Extrait du Manuel d’écriture et de survie de Martin Page, lu sur Tiers-Livre :
Ma relation avec internet et le numérique est complexe. J’ai un blog depuis six ans. Il m’a permis de faire des rencontres et de réfléchir à ma pratique. J’y parle de mon quotidien d’auteur, j’y esquisse des idées, j’y partage mes lectures. J’ai un site web aussi. J’y rassemble les textes que j’ai écrits pour la presse, ainsi que mes home made books et des vidéos en stop motion. On y trouve une biographie et ma bibliographie. C’est mon quartier général.
J’étais très idéaliste au début. Puis j’ai vu que le dialogue sur internet n’était pas plus simple qu’ailleurs. L’écoute est difficile et l’embrasement rhétorique favorisé. Les réseaux sociaux sont faits pour ceux qui ont un certain talent social. C’est toujours la cour de récréation. Mais on arrive à rencontrer des alliés sur le Net, on y trouve des places ombragées pour la conversation, on y bâtit des lieux de résistance et de création. L’agora est là. On peut parler littérature et politique. Ça crée du bordel, c’est certain, mais aussi de grandes choses. J’apprends, encore et toujours, à me débrouiller avec ça. Ma relation à internet n’est pas différente de ma relation avec l’espace social déconnecté.

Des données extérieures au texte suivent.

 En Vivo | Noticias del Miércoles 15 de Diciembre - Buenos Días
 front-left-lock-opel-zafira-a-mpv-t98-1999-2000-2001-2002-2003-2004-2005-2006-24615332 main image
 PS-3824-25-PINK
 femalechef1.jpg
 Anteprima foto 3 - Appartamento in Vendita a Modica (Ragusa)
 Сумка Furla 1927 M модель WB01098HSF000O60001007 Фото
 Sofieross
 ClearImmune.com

Je me sers des réseaux sociaux avec parcimonie (j’utilise sporadiquement Twitter pour échanger des liens, et j’ai une page officielle sur Facebook). Je n’ai pas de smartphone, mais un bon vieux dumbphone sans internet pour ne pas être sollicité en permanence. Pour lire les blogs (grâce à un agrégateur) et les livres numériques, pour écouter des podcasts et écrire dans le train, j’utilise une tablette sans connexion au réseau téléphonique.
Je dois te remercier de m’avoir indiqué l’existence de ce logiciel, si justement nommé Freedom, qui permet de se déconnecter d’internet pendant le temps désiré. C’est une aide précieuse. Internet est un territoire qui demande à être pensé et apprivoisé, les grandes compagnies ont pour but de capter notre attention et de nous vendre le maximum de choses. Créer et entretenir notre addiction est leur travail. Il faut apprendre à se défendre. J’ai installé le logiciel ce matin et j’en suis très content. Le numérique me passionne et dans le même temps je travaille à me tenir à distance (mais c’est la position que je tiens dans tous les aspects de l’existence, finalement).

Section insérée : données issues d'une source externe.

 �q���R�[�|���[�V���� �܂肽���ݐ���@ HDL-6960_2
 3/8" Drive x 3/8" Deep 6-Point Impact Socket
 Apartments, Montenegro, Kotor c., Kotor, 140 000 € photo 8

L’enjeu est de continuer à participer aux forces créatives et politiques qui se déploient sur internet tout en restant critique à l’égard des tentatives de contrôle et de surveillance. Connexion et déconnexion sont des arts de vivre. Je viens de lire un article qui parle de ces dirigeants de société technologique qui envoient leurs enfants dans des écoles sans écran : ils écrivent à la main, dessinent, bricolent, font du tricot, jouent de la musique. La déconnexion sera bientôt un privilège des classes privilégiées, et la connexion permanente une addiction du peuple.